ベースプレート23及びマニホールドプレート28の上下面と、サプライプレート25及びマニホールドプレート26、27の上面と、カバープレート29の下面には、余分な接着剤を流すための逃し溝14が、各プレートの接合面に形成された開口を取り囲むように設けられている。この逃し溝14があることによって、プレートどうしを接着する際の接着剤が個別インク流路内にはみ出して流路抵抗が変動することが防止される。
<ノズルプレートの詳細>
図6は、図5に示す流路ユニットのノズルプレート30の平面図である。図6に示すようにノズルプレート30には、流路ユニット4の上面に接着されたアクチュエータユニット21が占める領域と重なるインク吐出領域内において、複数のノズル8がマトリクス状に隣接配置されたノズル群51が形成されている。ノズル群51は、4つのアクチュエータユニット21と対応するように4つ形成されるとともに、千鳥状になって2列に配列されている。つまり、4つのノズル群51は、アクチュエータユニット21の平面形状とほぼ同じ台形領域を有するとともに、その平行対向辺が流路ユニット4の長手方向に沿うように配置されている。そして、隣接するノズル群51の斜辺同士が、流路ユニット4の幅方向に部分的にオーバーラップしている。
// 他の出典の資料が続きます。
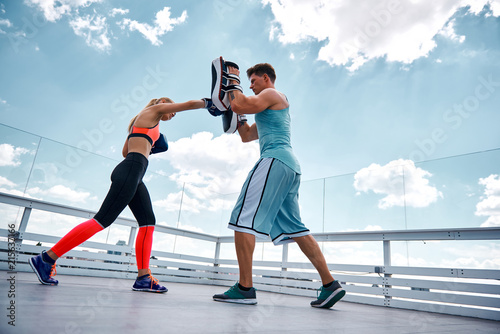 Fototapeta Naklejka Na Ścianę i Meble -  Instructor is having workout with slim lady on terrace. He is standing and using safety pads while she is kicking with gloves. Exercising for defending yourself concept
図7は、図6に示す2点鎖線で囲まれた領域の拡大平面図である。図7に示すようにノズル群51は、複数のノズル8が配列方向Aに沿って配列された16列のノズル列52を有している。16列のノズル列52は互いに平行に配列されており、各ノズル列52を構成するノズル8は配列方向Aに沿って37.5dpiに相当する距離ずつ離隔されている。なお、配列方向Aは、インクジェットヘッド1の長手方向(主走査方向)、すなわち流路ユニット4の延在方向であり、上述した主走査方向と平行である。
各ノズル列52は、4本の副マニホールド5a(図4参照)と対向しない位置に配置されている。これらノズル列52のうち、1つのノズル群51の長辺側のノズル列を第1のノズル列52aとし、短辺側に向かって順に第2のノズル列52b、第3のノズル列52c・・・第16のノズル列52pというように符号をつけた場合に、第1のノズル列52aを構成するノズル8の数が最大数となっており、第16のノズル列52pを構成するノズル8の数が最小数となっている。すなわち、ノズル群51の長辺側から短辺側に近づくにつれてノズル列52を構成するノズル数が減少しており、ノズル群51がインク吐出領域内に収まっている。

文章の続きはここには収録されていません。